● YOUR OBJECTIVE:
Quote the data exactly, first line to the line containing "thumbnail image 2", with no pictures.

(Short descriptive text snippets)
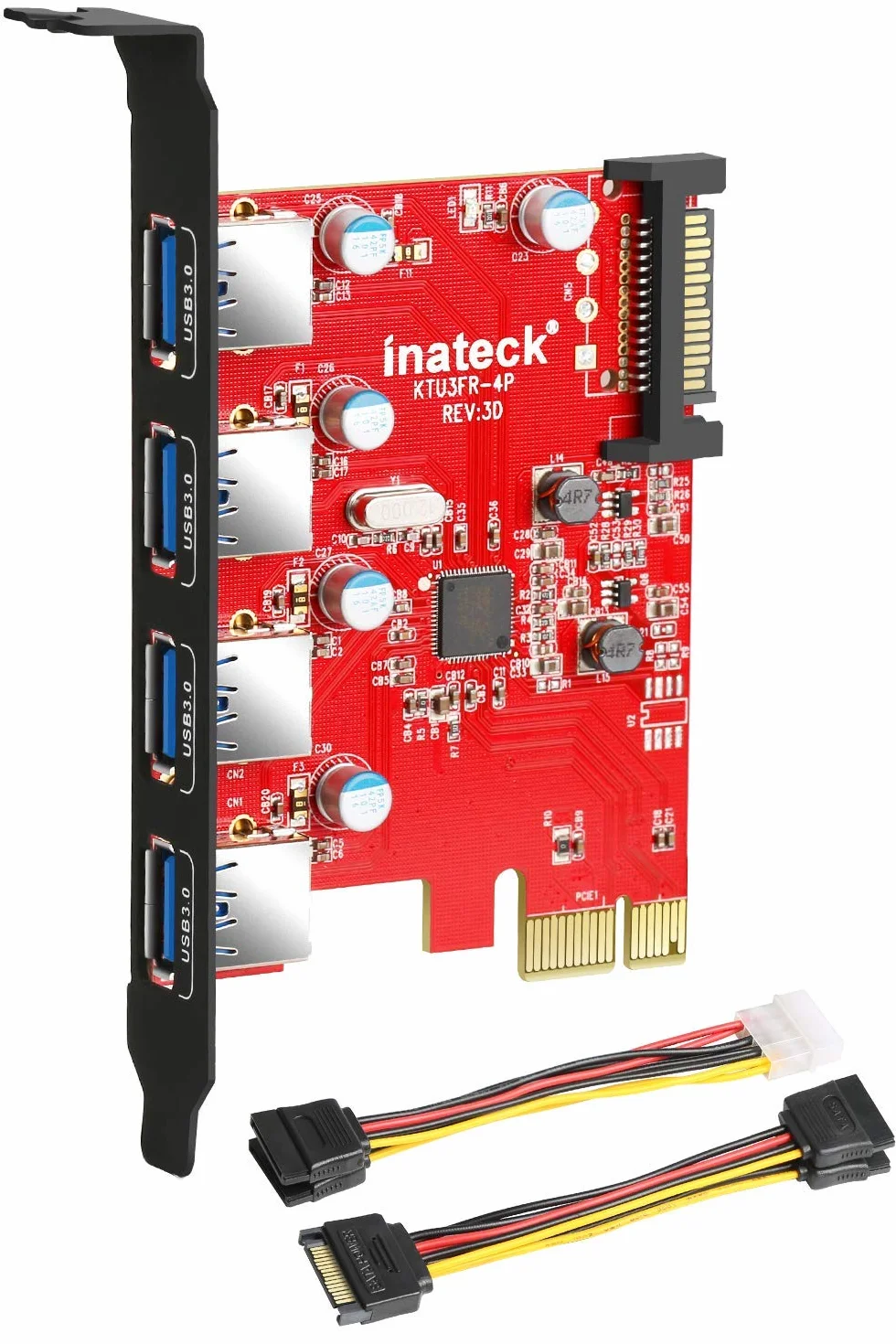 Inateck Superspeed 4-portowa karta rozszerzeń PCI-E na USB 3.0 - interfejs USB 3.0 4-portowa karta Express Desktop z 15-pinowym złączem zasilania SATA, [zawiera kabel 4-pinowy do 2 x 15-pinowy +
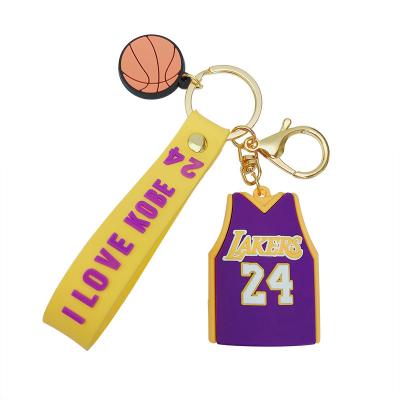 China Mini Jersey Cartoon Backpack Pendant Popular Boy's 3D Basketball Star Rubber Key Ring Chain Silicone Keychain for sale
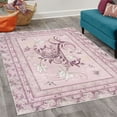thumbnail image 2 of Spring Decorative Rug, Swirling Floral Look Design of Blossoming Flowers and Flying Butterflies, Quality Carpet for Bedroom Dorm and Living Room, 6 Sizes, Baby Pink and Plum, by Ambesonne, 2 of 4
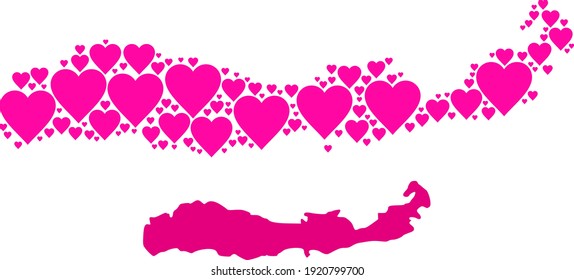 Love collage and solid map of Indonesia - Flores Island. Collage map of Indonesia - Flores Island composed from pink love hearts. Vector flat illustration for love concept illustrations.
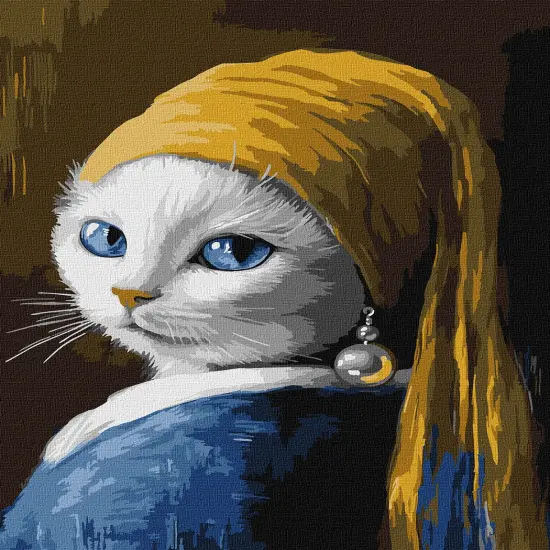 Painting by Numbers kit Cat with a pearl earring KHO6687 {3}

● SOLUTION TO THIS PROBLEM:
 Inateck Superspeed 4-portowa karta rozszerzeń PCI-E na USB 3.0 - interfejs USB 3.0 4-portowa karta Express Desktop z 15-pinowym złączem zasilania SATA, [zawiera kabel 4-pinowy do 2 x 15-pinowy +
 China Mini Jersey Cartoon Backpack Pendant Popular Boy's 3D Basketball Star Rubber Key Ring Chain Silicone Keychain for sale
thumbnail image 2 of Spring Decorative Rug, Swirling Floral Look Design of Blossoming Flowers and Flying Butterflies, Quality Carpet for Bedroom Dorm and Living Room, 6 Sizes, Baby Pink and Plum, by Ambesonne, 2 of 4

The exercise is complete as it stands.